Dimensionality Reduction

Definition

Dimensionality reduction transforms high-dimensional vectors (e.g., 768-dim BERT embeddings) into lower-dimensional representations while preserving as much structure as possible. In search, this reduces storage, speeds up ANN search, and enables visualization.

Why It Matters for Search

Dense embedding models produce vectors of 768–4096 dimensions. At scale:

1B documents × 768 dims × 4 bytes = 3TB of vectors
ANN index build time and memory scale with dimensionality
Reducing to 256 dims can cut storage 3× with modest quality loss

Alternative: Vector Quantization reduces precision per dimension; dimensionality reduction reduces the number of dimensions.

Main Techniques

PCA (Principal Component Analysis)

PCA — linear projection onto axes of maximum variance. Fast, deterministic, reversible.

Good for: moderate compression, preserving global structure, ML preprocessing
Limitation: linear only — can’t capture non-linear manifolds

t-SNE (t-distributed Stochastic Neighbor Embedding)

t-SNE — non-linear projection optimized for preserving local neighborhoods. Produces beautiful 2D/3D visualizations.

Good for: visualization only — not suitable for retrieval (non-parametric, can’t project new points)
Limitation: slow on large datasets, non-deterministic, between-cluster spacing is meaningless

UMAP (Uniform Manifold Approximation and Projection)

UMAP — non-linear projection that preserves both local and global structure better than t-SNE. Faster and parametric (can project new points).

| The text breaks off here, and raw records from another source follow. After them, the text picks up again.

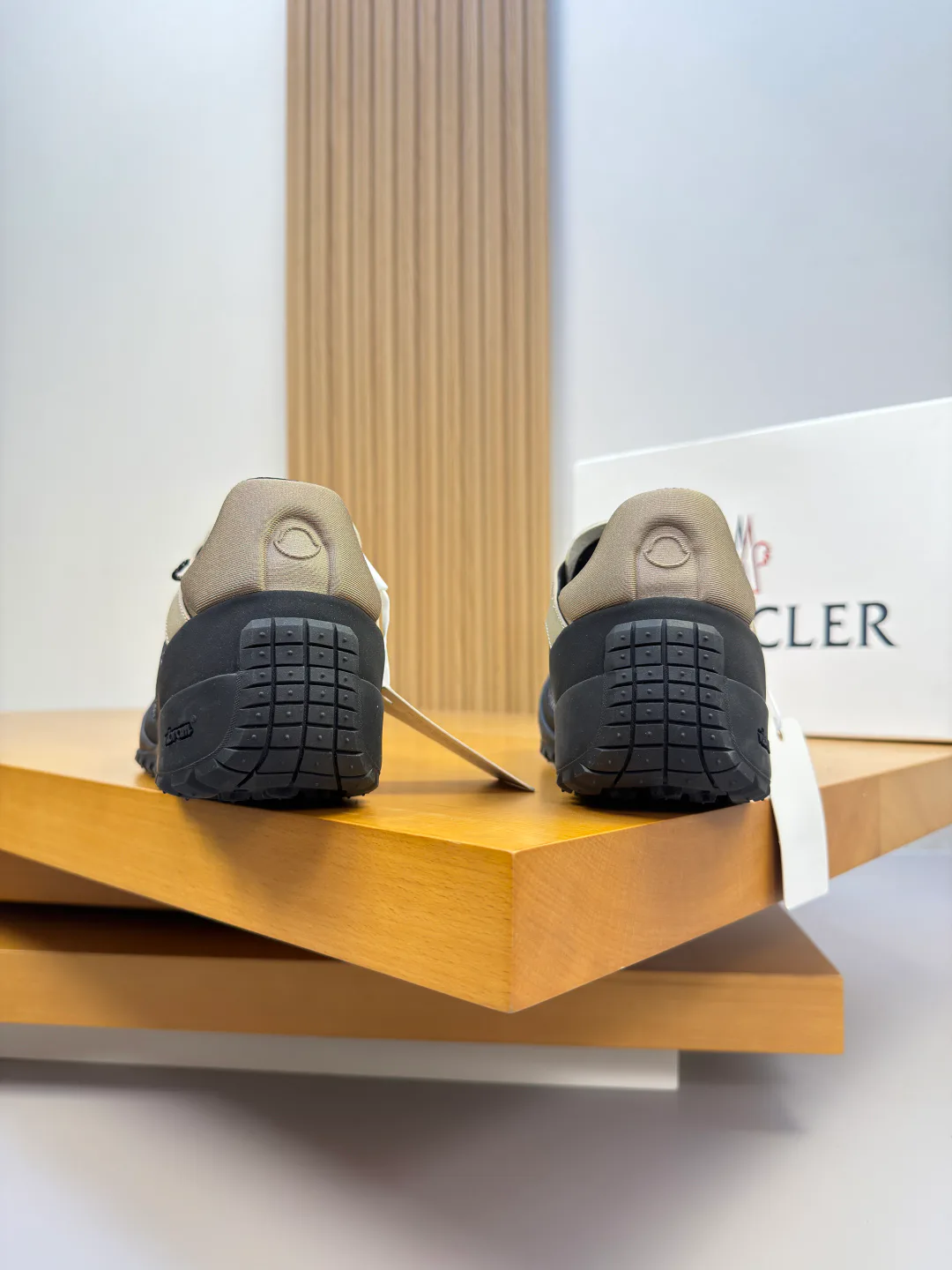 Men's Sneakers MONCLER 18142535
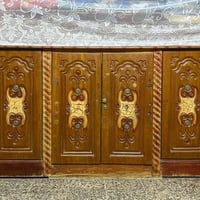 بوفية • ٦ باب • ناصرية مركز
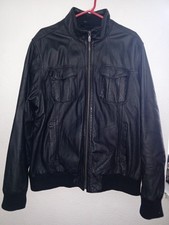 Peter Werth Mens Black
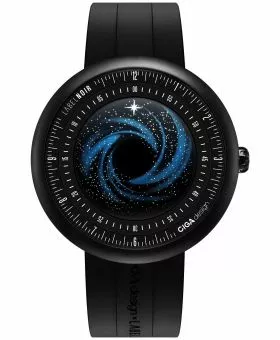 Hodinky pánske Ciga Design Black Star Titanium Automatic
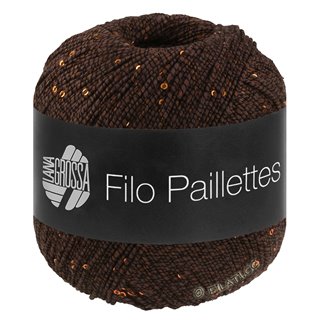 Lana Grossa FILO PAILLETTES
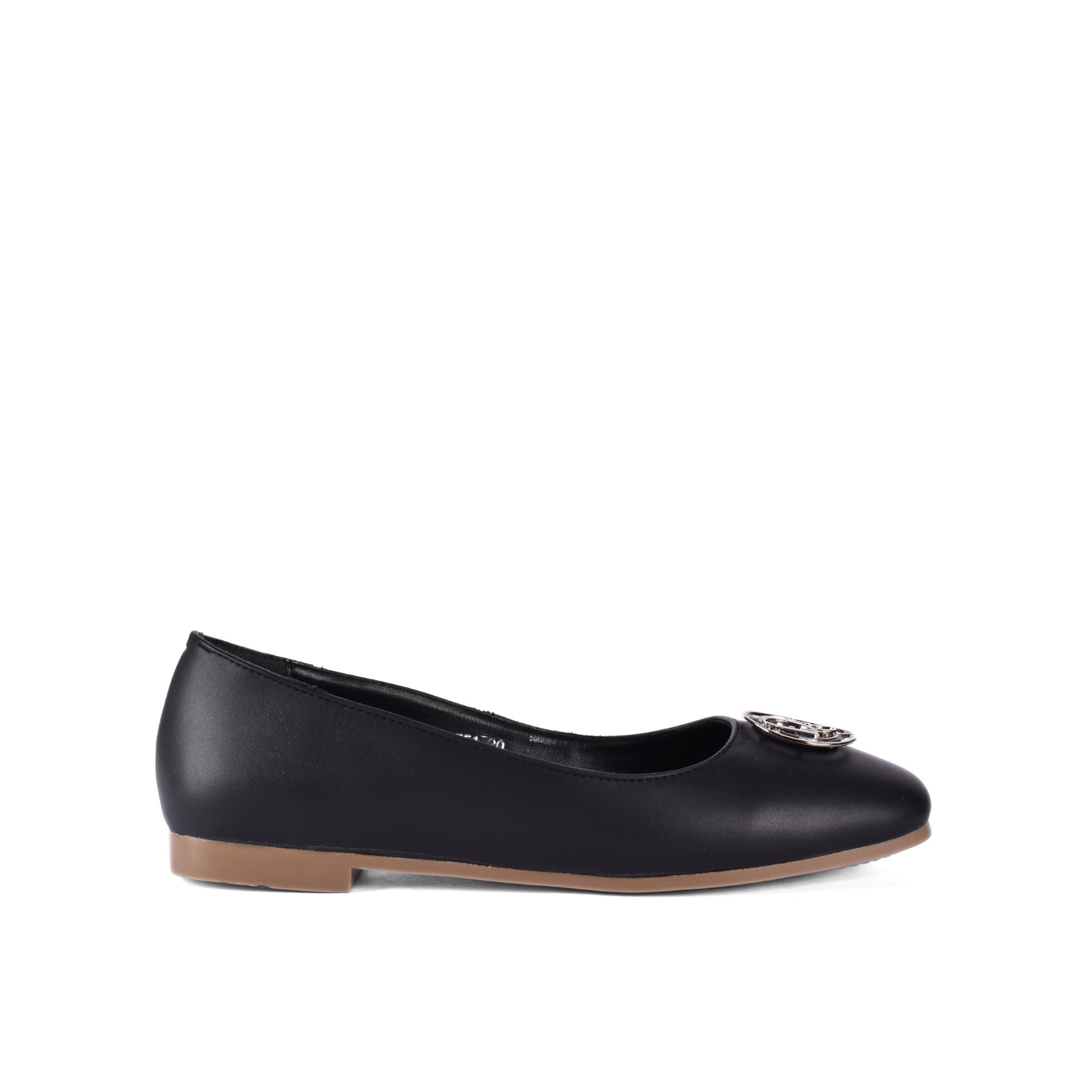 Everyday Leather Slip On Shoe Melouk
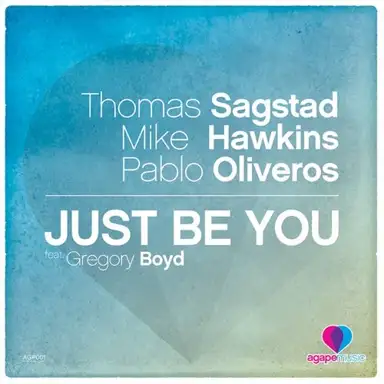 Just Be You
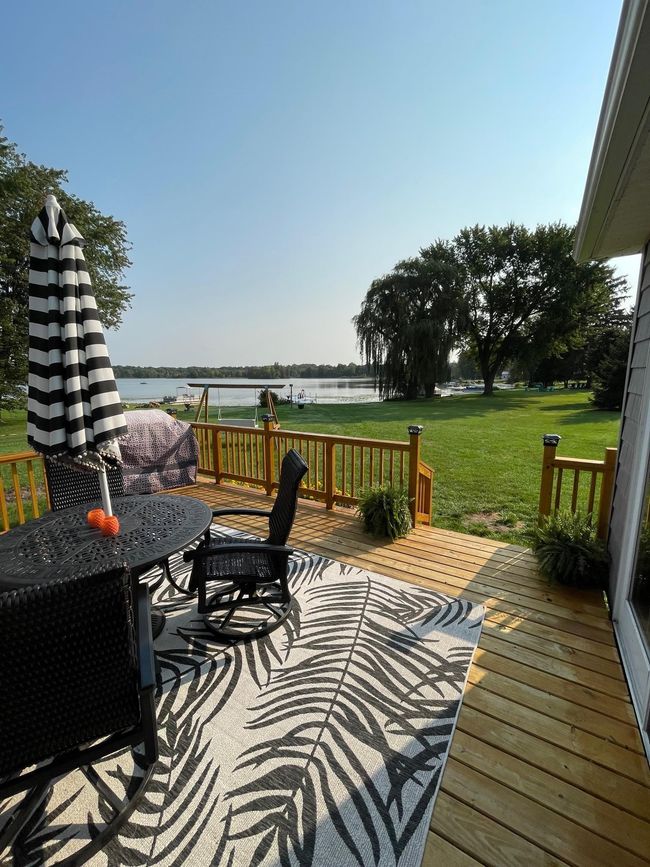 3395 1075, House other with 4 bedrooms, 3 bathrooms and null parking in Lagrange IN | Image 7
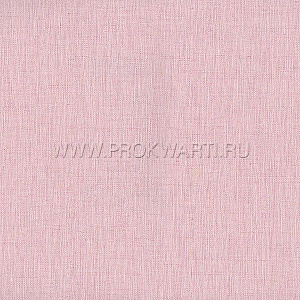 Caselio Linen INN68524009 для кухни для спальни для гостиной для коридора для кабинета для загородного дома для комнаты для прихожей розовый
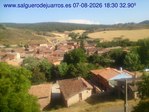 Recorre hacia atrás las últimas 24 horas
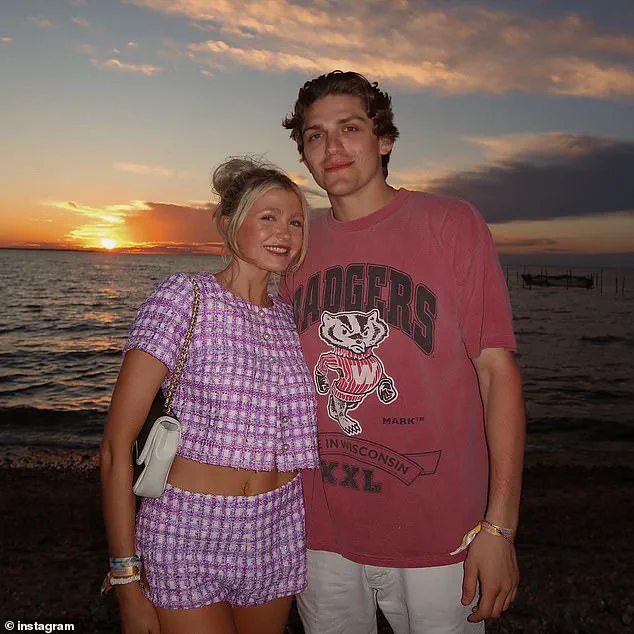 Influencer Halley Kate McGookin Shares Surprise Engagement to Reed Williams on Social Media, Leaving Fans in Awe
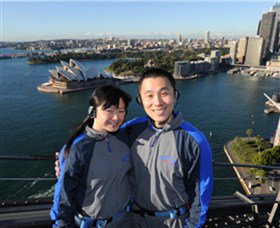 The Mandarin Climb - Nambucca Heads Accommodation 0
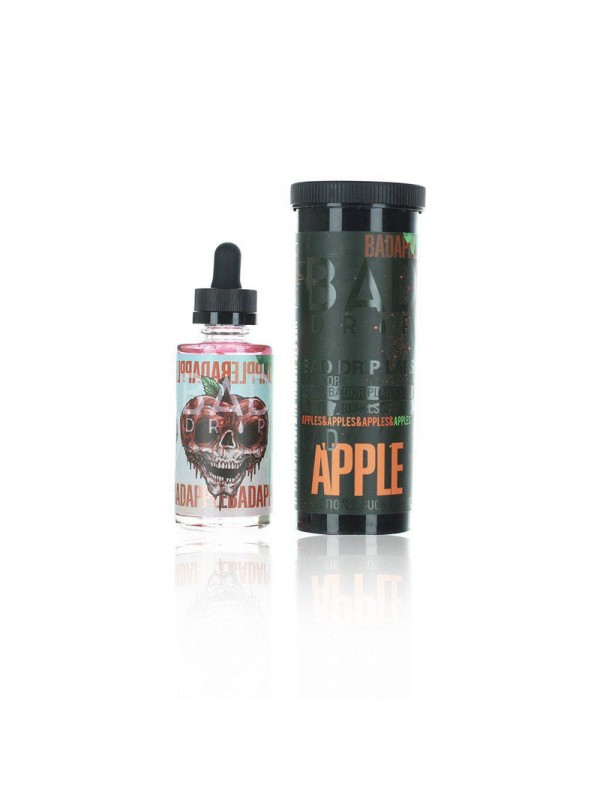 Bad Drip Bad Apple 60ml Vape Juice
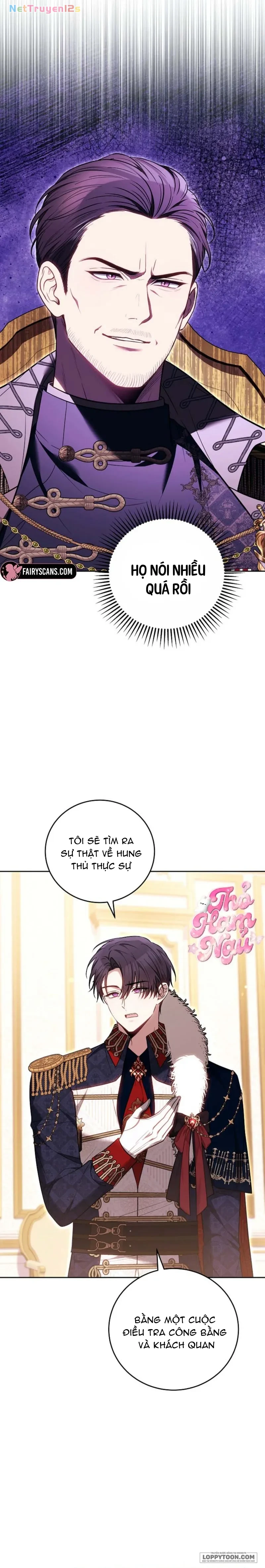 Khi Nam Chính Và Nữ Chính Chia Tay Chapter 14 - 12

Good for: visualization + moderate retrieval use
Increasingly used to compress embeddings for search

Matryoshka / Truncation

Matryoshka Embeddings are trained so that the first N dimensions already form a good representation — just truncate to reduce dimensionality without any projection. This makes them dimension-flexible at inference time: pick any supported dimension (e.g. 64, 128, 256, 512) without re-encoding. The cleanest approach for models that support it.